MATERIAL SUPPLIED
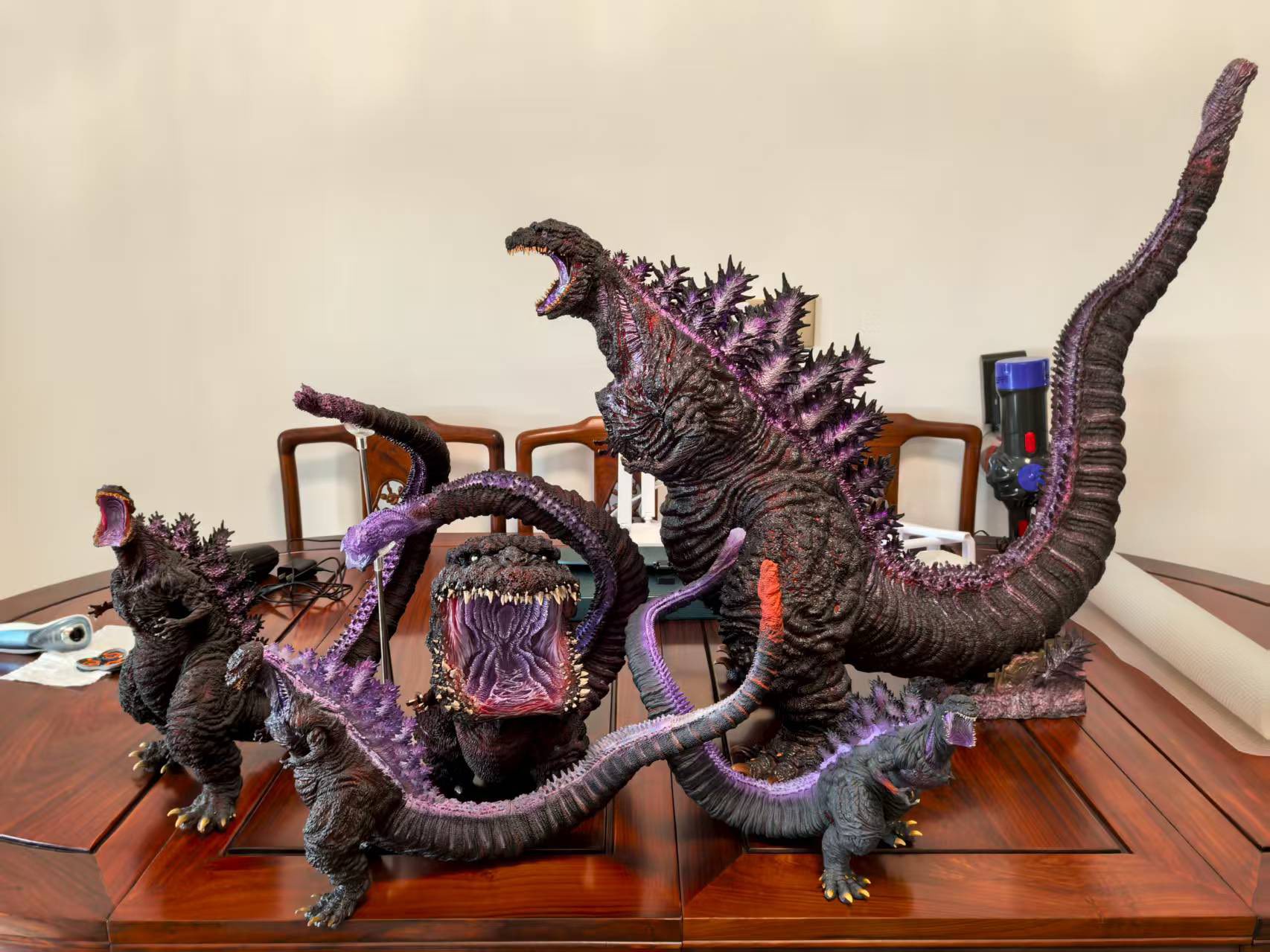 X-plus Shin Godzilla (2016) 3rd Form 10th Anniversary Version (re 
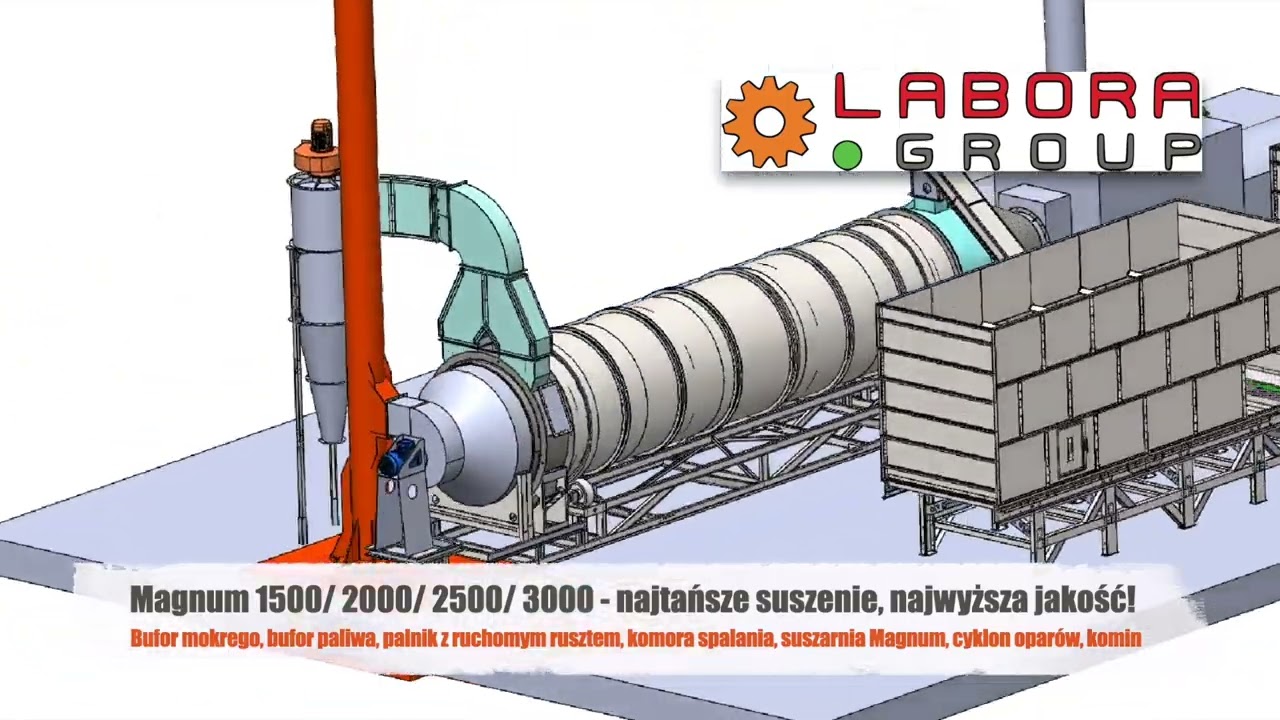 Magnum 1500/ 2000/ 2500/ 3000 - najniższe koszty suszenia, najwyższa jakość suszenia +48 663 336 322
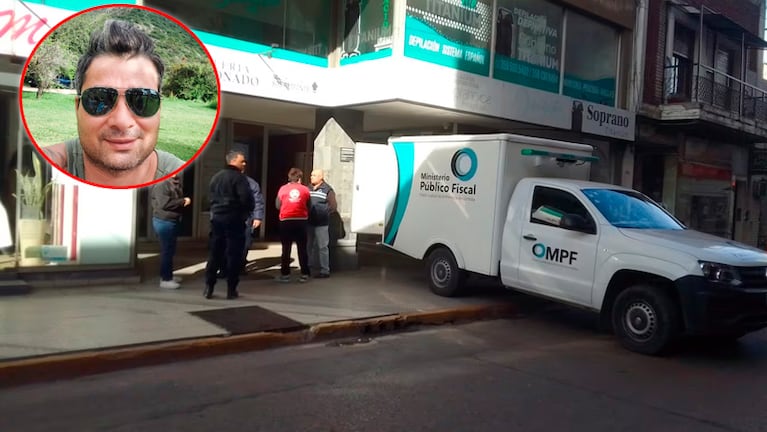 Klavora fue encontrado muerto tras un incendio en su departamento.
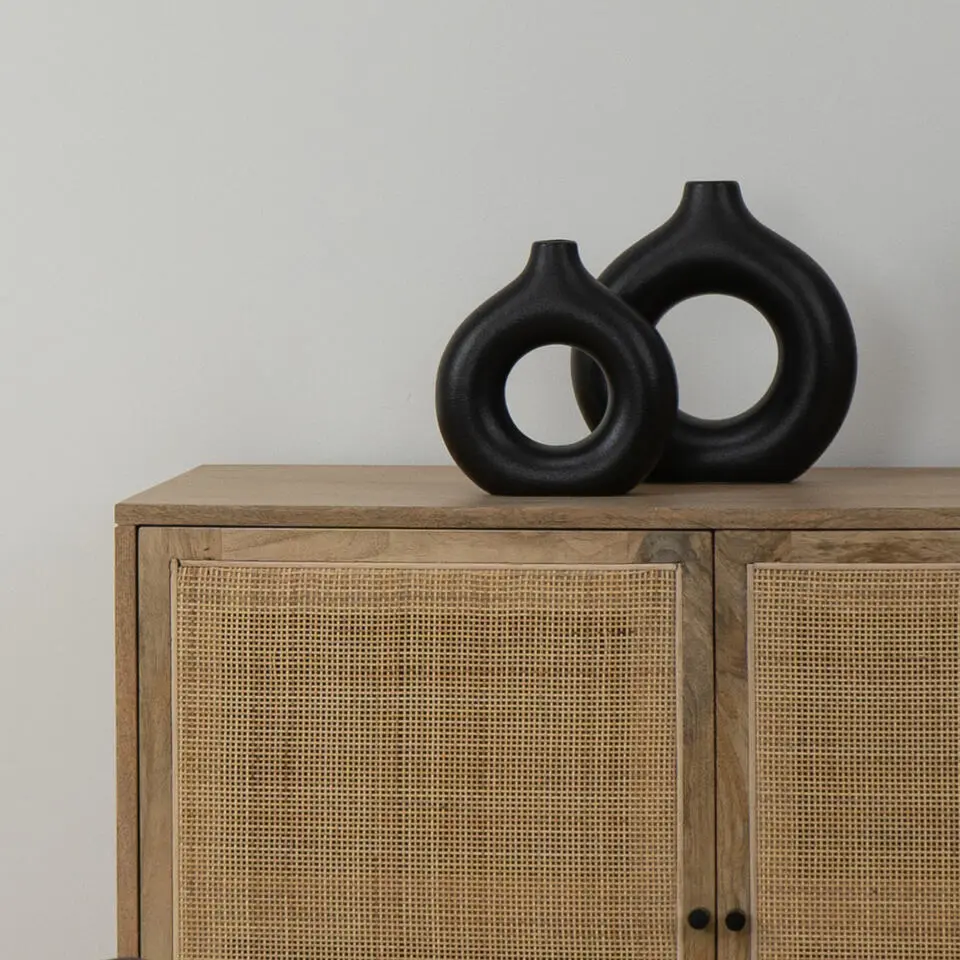 Lewis & Loft Dressoir Lucas �?Met 4 deuren �?FSC? mangohout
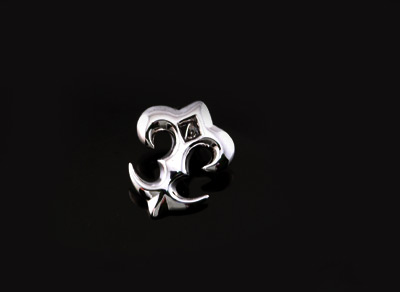 シルバー ペンダントシルバー ペンダント WWP-024 RHODIUM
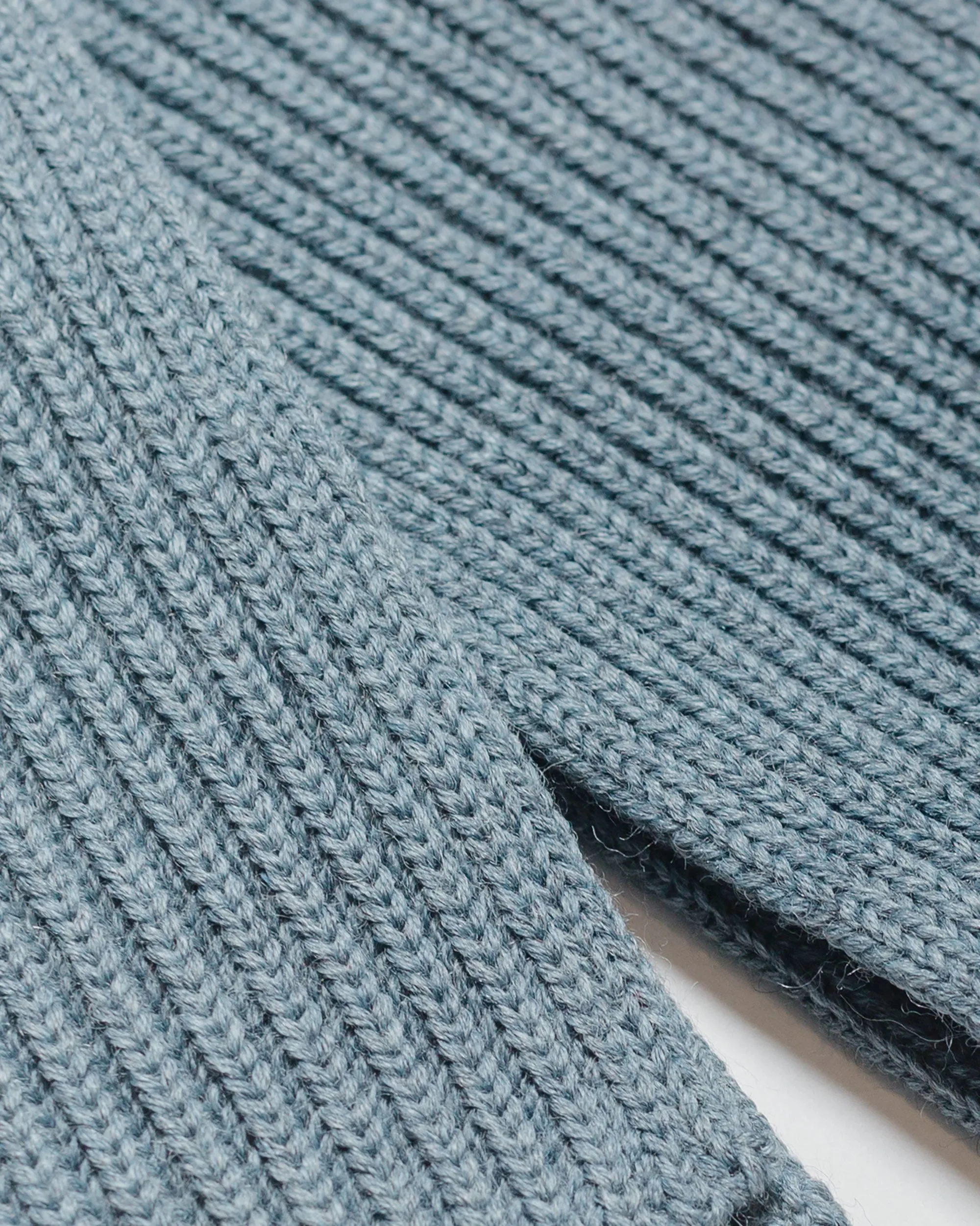 Andersen-Andersen Short Scarf Light Indigo sold by Lost & Found product image thumbnail 2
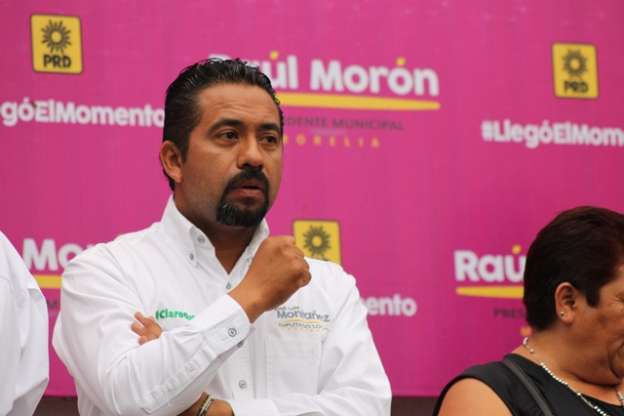 José Luis Montañez se compromete con el deporte y la salud de menores morelianos 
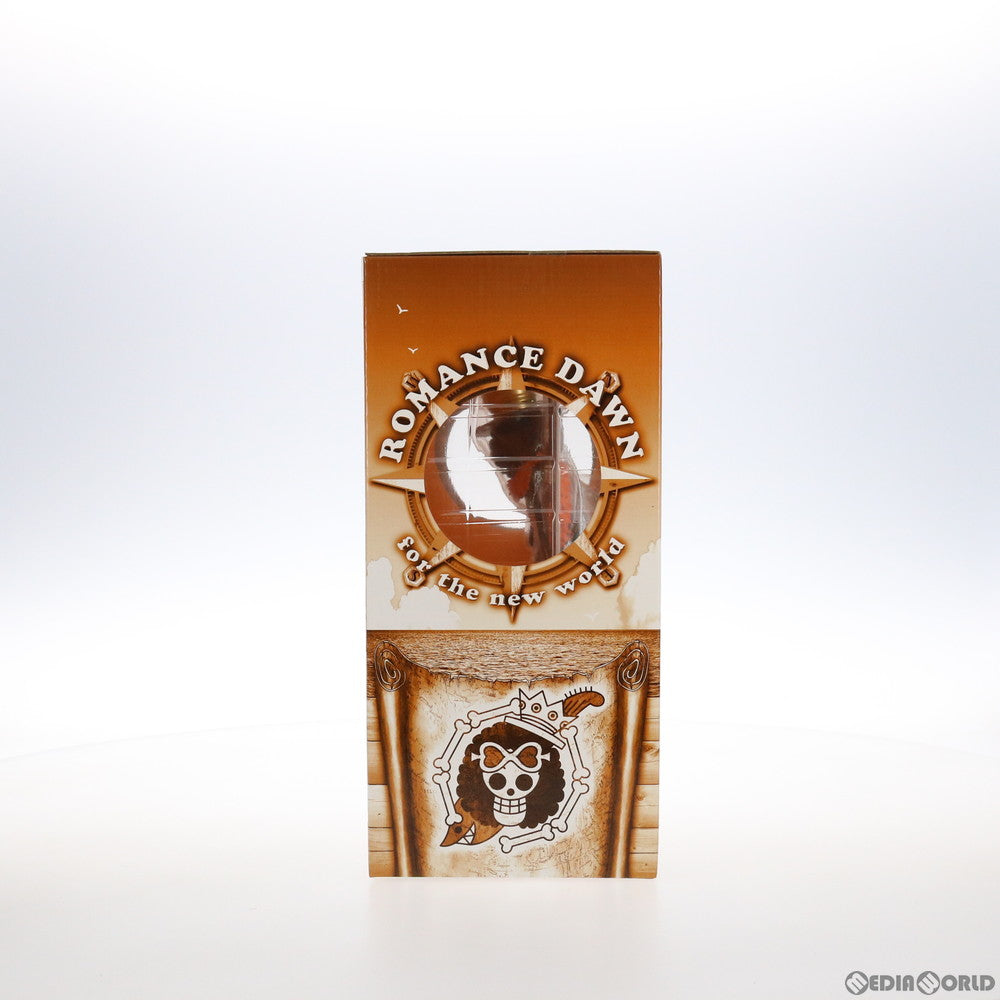 【中古即納】[FIG] E賞 ブルック フィギュア 一番くじ ワンピース ROMANCE DAWN for the new world～前編～ ONE PIECE プライズ バンプレスト(20111130)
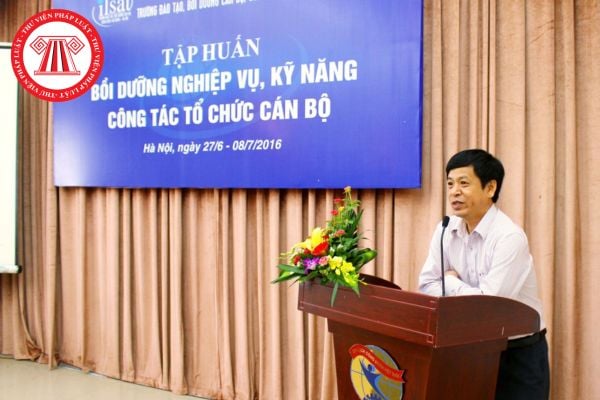 Trường Đào tạo bồi dưỡng cán bộ, công chức lao động xã hội thuộc Bộ Lao động Thương binh và Xã hội có tư cách pháp nhân không?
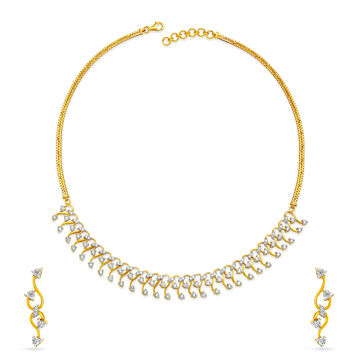 Tanishq online necklace set clearance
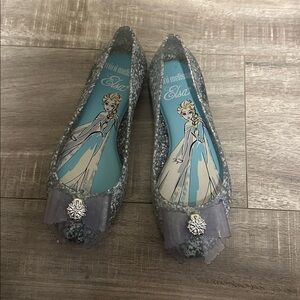 Mini Melissa Frozen Elsa little girl size 13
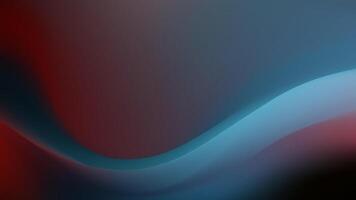 Abstract Gradient Background Teal, Red, and Dark Blue Curves vector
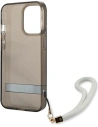 Kup Etui Guess GUHCP13XHTSGSK Apple iPhone 13 Pro Max czarny/black hardcase Translucent Stap - GUE1723BLK - {ean13} - Sklep Home Screen
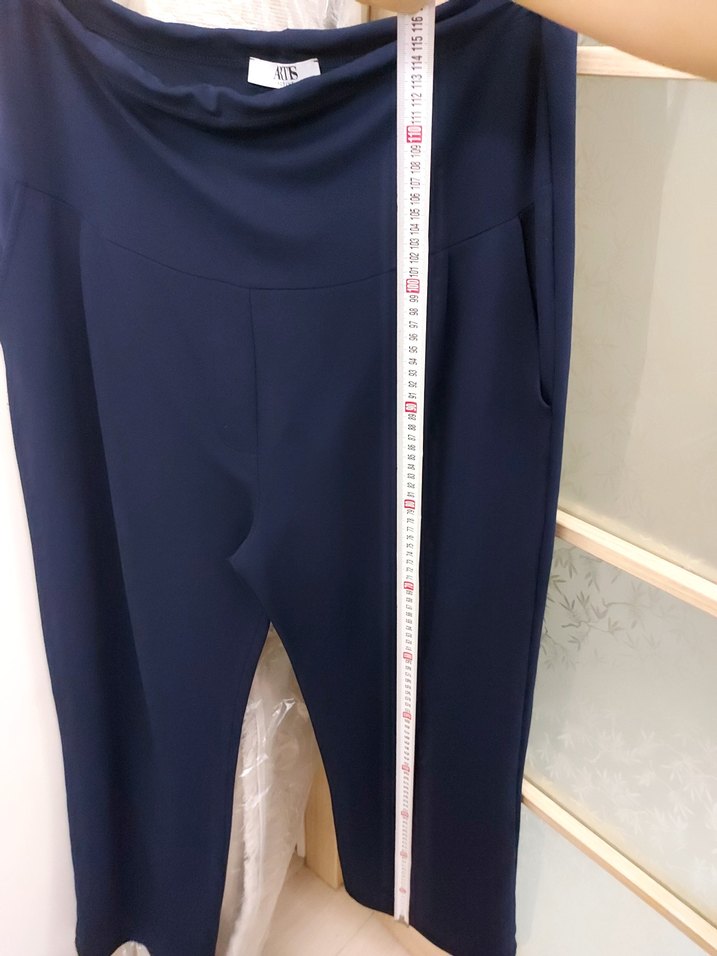 Kadın Lacivert HAMILE Pantolon - Görsel 2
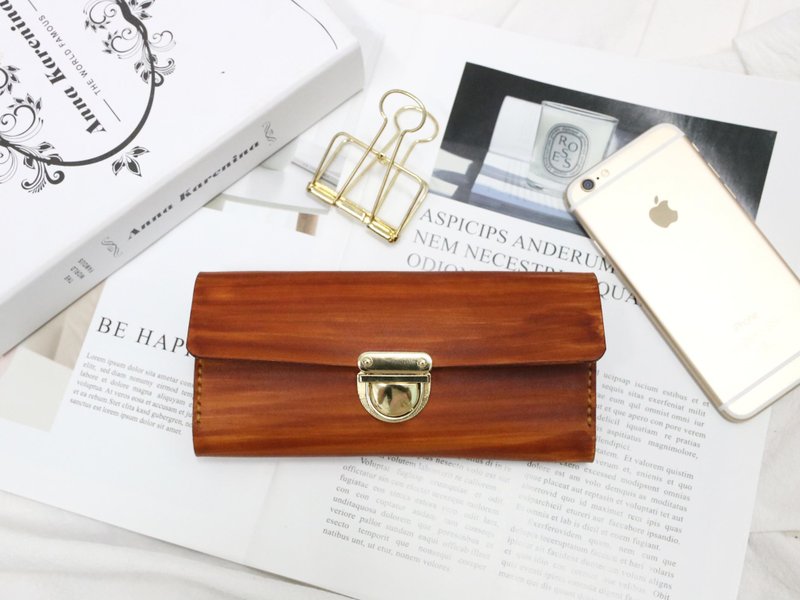 皮带穿环手机袋/一人成团/新手友善/可刻字 - 皮件 - 真皮 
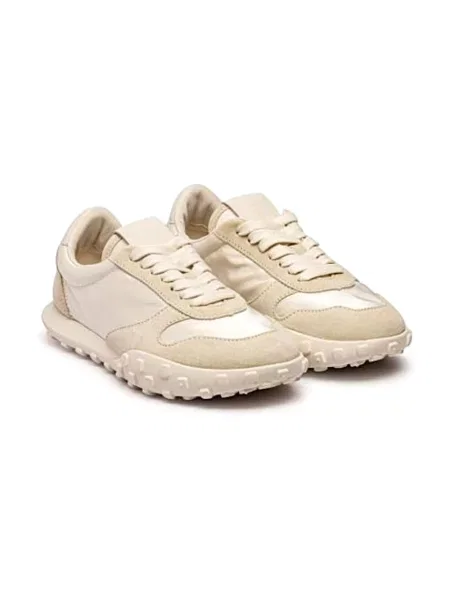 Sneakersy Jil Sander zamszowe beżowe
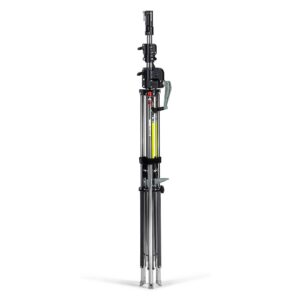 MANFROTTO Wind-Up Stand with Safety Release Cable, Chrome Steel
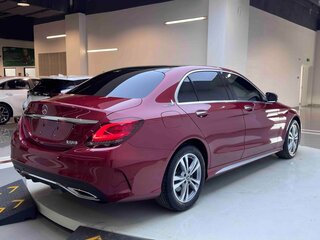 2021 Mercedes-Benz C-Класс Long 200 L IV (W205) Рестайлинг, красный, 2199666 рублей, вид 4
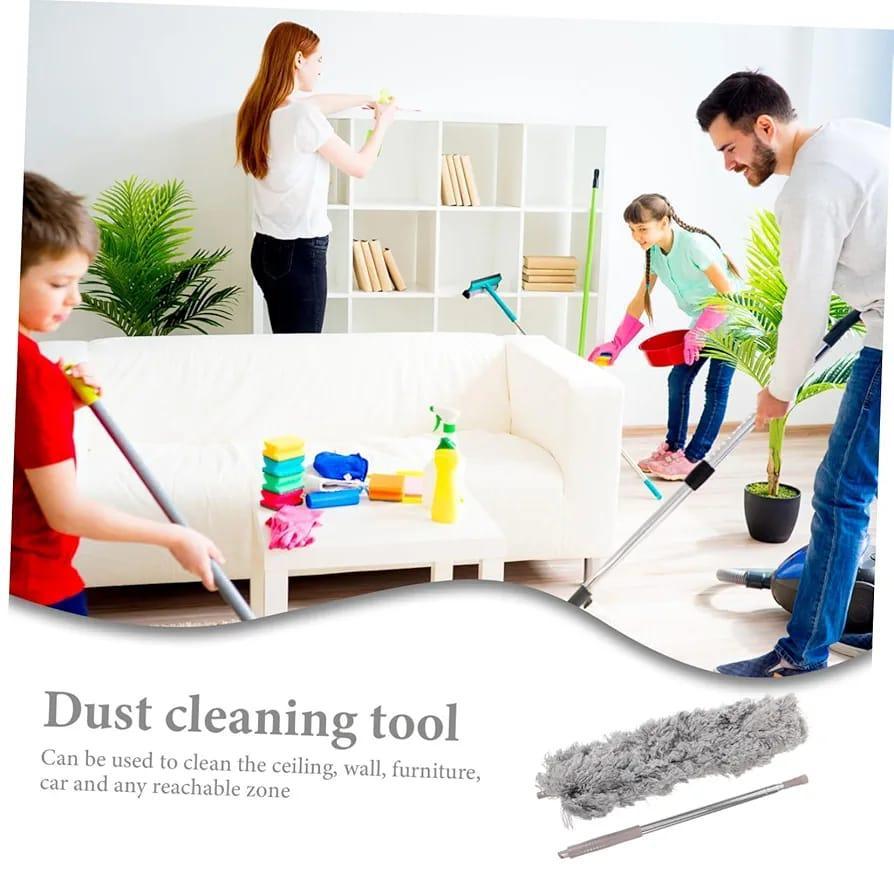 Premium Dust Cleaning Brush ABS Plastic Brown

TASK DESCRIPTION
Reproduce, without alteration and without pictures, only those lines that lie between the first line of the entries above and the line containing "Tanishq online necklace set clearance", both of them included.

ANSWER TO THIS TASK
 X-plus Shin Godzilla (2016) 3rd Form 10th Anniversary Version (re 
 Magnum 1500/ 2000/ 2500/ 3000 - najniższe koszty suszenia, najwyższa jakość suszenia +48 663 336 322
 Klavora fue encontrado muerto tras un incendio en su departamento.
 Lewis & Loft Dressoir Lucas �?Met 4 deuren �?FSC? mangohout
 シルバー ペンダントシルバー ペンダント WWP-024 RHODIUM
 Andersen-Andersen Short Scarf Light Indigo sold by Lost & Found product image thumbnail 2
 José Luis Montañez se compromete con el deporte y la salud de menores morelianos 
 【中古即納】[FIG] E賞 ブルック フィギュア 一番くじ ワンピース ROMANCE DAWN for the new world～前編～ ONE PIECE プライズ バンプレスト(20111130)
 Trường Đào tạo bồi dưỡng cán bộ, công chức lao động xã hội thuộc Bộ Lao động Thương binh và Xã hội có tư cách pháp nhân không?
 Tanishq online necklace set clearance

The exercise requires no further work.